The trial Judge held that “the occasional deposit of firewood on the land by Henrietta de Souza was not an entry into possession.” The Federal Sup­reme Court agreed. Their Lordships are of opinion that the facts found on this point are too slender to afford support to a plea of title by possession. The Courts in Africa have held that the letting to tenants did not commence till 1946. This action was commenced in 1953. Even if the date of commencement of letting be regarded as 1943 (date appearing in Exhibit 17) possession for twelve years prior to action is not established. Counsel asked their Lordships to hold that letting must have commenced at least two years prior to 1943, namely in 1941. Receipts from tenants have been produced but none prior to 1946. Nor has any document (other than the one men­tioned) been produced which support the suggestion of tenancies prior to 1946. Their Lordships have considered the oral evidence in the case and the views of the Courts in Africa of that evidence and find it impossible to hold that there have been tenancies for twelve years. The appellants’ case there­fore fails.

 

It was strongly urged on this appeal that the respondents’ statement of claim contained admissions of possession by Henrietta and her children which supported the appellants’ case. Of this the Federal Supreme Court said:­

“The onus of proving long possession was on the defendants-ap­pellants; and although the plaintiffs-respondents alleged in their Statement of Claim that some time after the death of James Em­manuel Wright, his sister, Henrietta de Souza, took possession, of the land and that after her death the defendants continued in possession, the evidence adduced supported the finding of the learned trial Judge that the defendants had not proved long pos­session”

 

The Statement of Claim could not be said to contain an admission of the appellants’ title as it contains no date (possession by Henrietta at least from 1941 was necessary to establish the appellants’ title as already stated) and it gave no indication of the nature of the possession averred.

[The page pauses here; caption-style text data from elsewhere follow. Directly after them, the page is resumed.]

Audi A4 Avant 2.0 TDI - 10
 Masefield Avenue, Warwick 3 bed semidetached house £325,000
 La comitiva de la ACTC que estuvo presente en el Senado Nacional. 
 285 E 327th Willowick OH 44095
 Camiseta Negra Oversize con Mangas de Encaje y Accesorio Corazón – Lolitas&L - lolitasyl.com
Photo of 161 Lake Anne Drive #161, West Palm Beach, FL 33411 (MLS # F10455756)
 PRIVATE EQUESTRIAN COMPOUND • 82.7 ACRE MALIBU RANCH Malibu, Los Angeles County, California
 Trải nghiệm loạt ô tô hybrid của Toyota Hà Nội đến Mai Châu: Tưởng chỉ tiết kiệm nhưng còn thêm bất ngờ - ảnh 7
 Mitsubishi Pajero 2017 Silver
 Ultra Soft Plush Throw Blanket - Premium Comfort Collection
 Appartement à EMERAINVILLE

A more precise statement would have made simpler the clarification of the points in issue. Their Lordships agree with the view of the Federal Supreme Court that long possession for the period, and of the nature, necessary to establish title have not been proved by the appellants.

 

The order made by the trial Judge and affirmed by the Federal Supreme Court contains a direction for a reconveyance by the appellants to the re­spondents of the property in question. But as stated above and held by the Courts in Africa the title of the appellants have been extinguished and there is nothing they can convey. That part of the order which contains the direc­tion has therefore to be deleted.

 

For the reasons which they have given their Lordships will humbly ad­vise her Majesty that subject to the variation indicated in the last paragraph this appeal be dismissed. As the respondents did not appear there will be no order as to costs.

 

LORD KEITH:

I concur.

 

LORD HODSON:

I concur.

 

Appeal Dismissed:

Order Varied.

 

error: Our Content is protected!! Contact us to get the resources...
Subscribe!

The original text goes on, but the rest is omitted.